La jurisprudencia constitucional no ha sabido resolver bien la problemática generada por estas situaciones; seguramente porque tampoco le ha ayudado el legislador. Pero de ello también se deduce que la doctrina constitucional no es un obstáculo insalvable para que se puedan clarificar los escenarios, devolviendo así la pelota al terreno político.
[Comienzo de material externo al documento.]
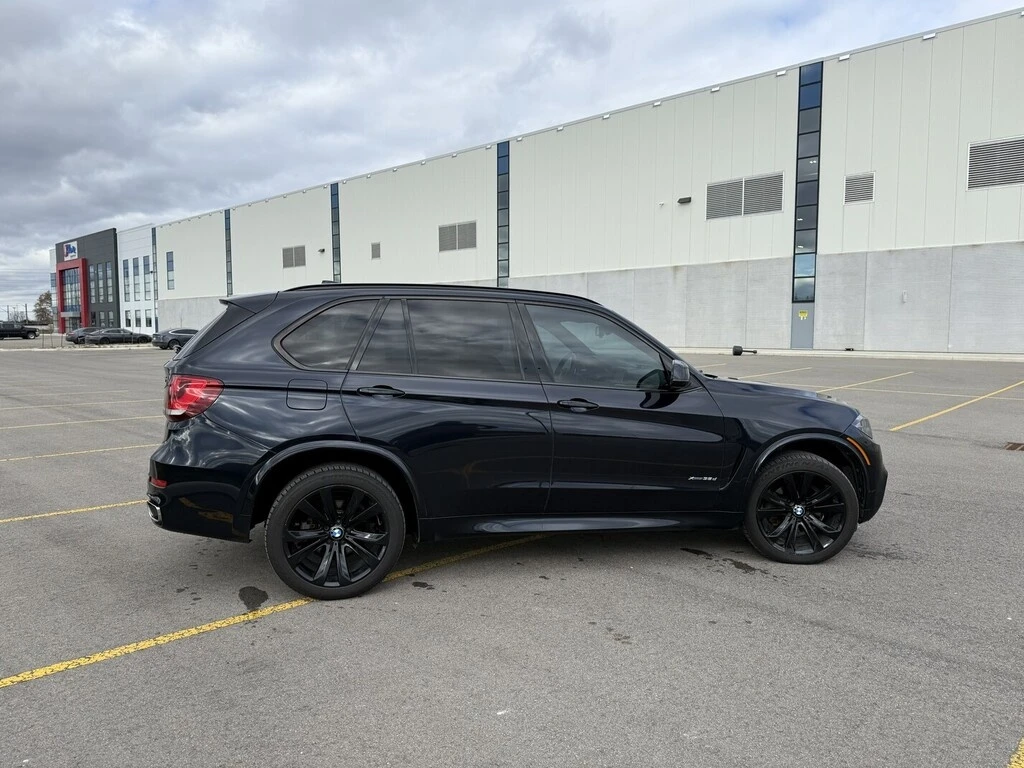 BMW X5 * AWD 4dr xDrive35d * CARFAX * ЦЕНА ДО БГ - изображение 6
Existe aquí un espacio importante para los acuerdos, que deberían implementarse mediante un cambio de orientación en la política legislativa del Estado. 

En cualquier caso, y en el momento en que nos encontramos, no parece realista pensar que una oferta para salir del círculo vicioso en el que estamos pueda tener recorrido sin asumir sin complejos la realidad plurinacional de España; una realidad que, aunque muchos no quieran verlo, ya está reflejada en la Constitución, sin perjuicio de que ello no se haya podido traducir siempre en un reconocimiento claro e inequívoco del juego que puede tener el principio de diferenciación o de asimetría territorial. Hoy, más que nunca, éste es un aspecto esencial y debería ser centro de atención prioritario.

Su desarrollo más evidente pasaría por la reforma constitucional, pero aceptando que ésta es ahora muy difícil, podría avanzarse en esta dirección por otras vías. Por ejemplo, mediante acuerdos y medidas legislativas que propiciaran el reconocimiento de una posición singular de Cataluña sobre la lengua, la cultura, el derecho civil o la organización territorial propia, con pleno desarrollo de las previsiones estatutarias o incluso ampliando las mismas, si es necesario, mediante transferencias o delegaciones de competencias estatales al amparo de lo que establece el artículo 150.1 y 2 de la Constitución. Obviamente, parecido planteamiento podría hacerse respecto de las relaciones entre el Estado y Cataluña, potenciando un marco de bilateralidad y el reconocimiento de una posición propia de Cataluña en la acción exterior y en las relaciones con la Unión Europea.

Son diversos los ámbitos a considerar y se han señalado sólo los más relevantes. Pero si sumamos todos ellos, se podría construir una propuesta articulada, sólida y coherente para propiciar un cambio sustancial respecto de la situación actual. Es necesario insistir en que hay recorrido para la política, mucho más de lo que pueda parecer a simple vista, aunque sólo sea para encontrar una solución provisional a la espera de que las circunstancias sean más propicias para abordar reformas de mayor alcance. 

No podemos ser ingenuos y olvidar que para unos una propuesta de estas características parecerá ridícula y otros la entenderán como la cesión a un chantaje político. La situación a la que hemos llegado es paralizante. Pero a estas alturas todo el mundo debería tener claro que el inmovilismo no es una solución válida y que, como se dice coloquialmente, hay que mover ficha con urgencia ocurra lo que ocurra. Las elecciones del próximo 10 de noviembre serán determinantes para saber hasta qué punto ello es posible.